---------- Extracted material
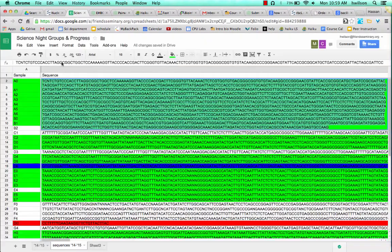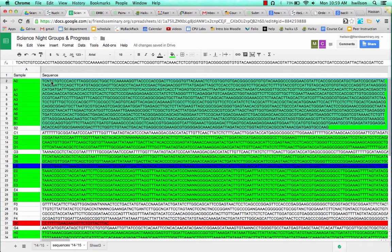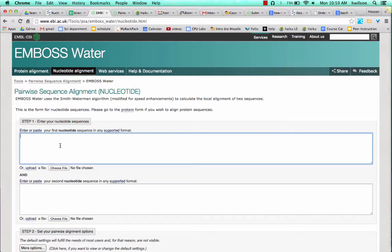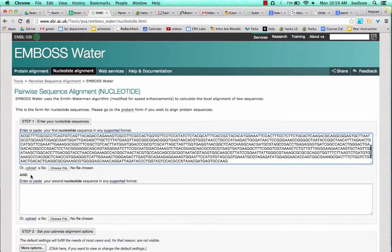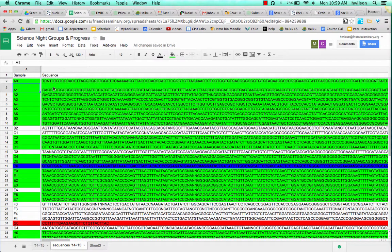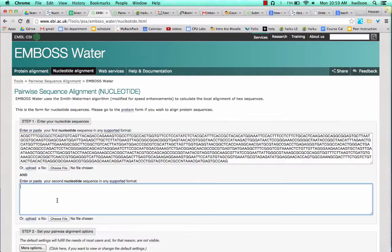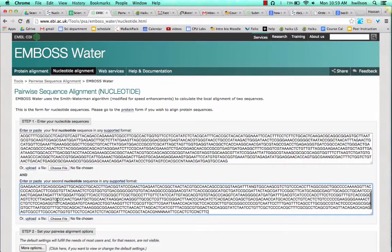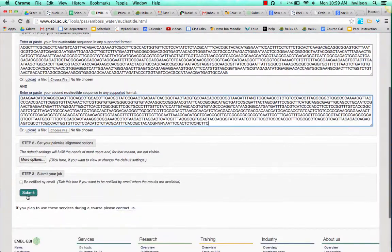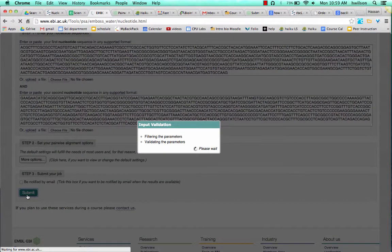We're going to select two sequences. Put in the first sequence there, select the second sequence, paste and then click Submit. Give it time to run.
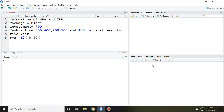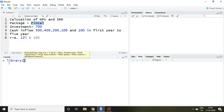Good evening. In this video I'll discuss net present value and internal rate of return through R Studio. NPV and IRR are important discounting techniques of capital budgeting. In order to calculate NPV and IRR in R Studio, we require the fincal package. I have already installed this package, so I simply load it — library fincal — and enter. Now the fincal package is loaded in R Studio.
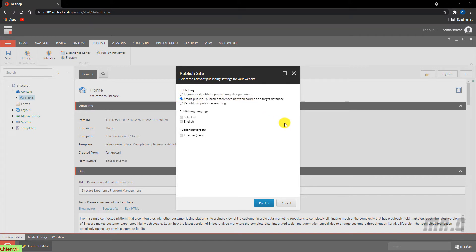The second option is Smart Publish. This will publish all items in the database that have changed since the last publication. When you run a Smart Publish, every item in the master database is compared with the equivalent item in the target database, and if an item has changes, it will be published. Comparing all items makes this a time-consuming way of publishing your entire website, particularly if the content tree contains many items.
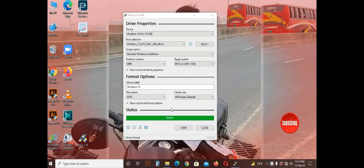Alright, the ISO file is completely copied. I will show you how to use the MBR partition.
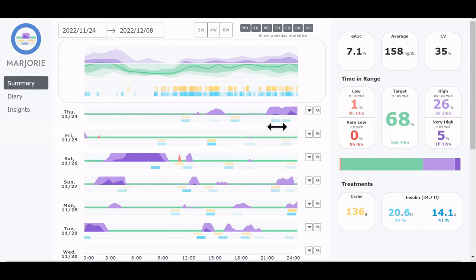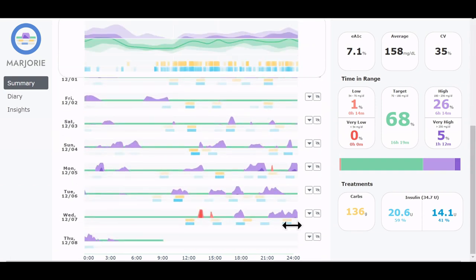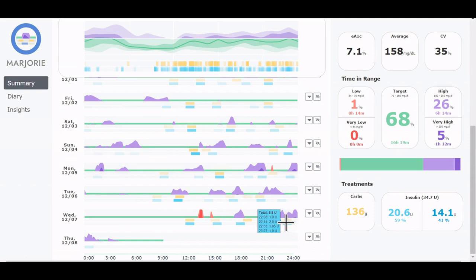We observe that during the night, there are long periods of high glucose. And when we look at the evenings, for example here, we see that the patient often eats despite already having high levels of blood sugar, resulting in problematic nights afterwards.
--------------------
**Activity:**
Write out the records above exactly. Begin with the first line, end with the line holding "Good evening. In", and drop the pictures.

**Solution to this exercise:**
We're going to select two sequences. Put in the first sequence there, select the second sequence, paste and then click Submit. Give it time to run.
Good evening. In this video I'll discuss net present value and internal rate of return through R Studio. NPV and IRR are important discounting techniques of capital budgeting. In order to calculate NPV and IRR in R Studio, we require the fincal package. I have already installed this package, so I simply load it — library fincal — and enter. Now the fincal package is loaded in R Studio.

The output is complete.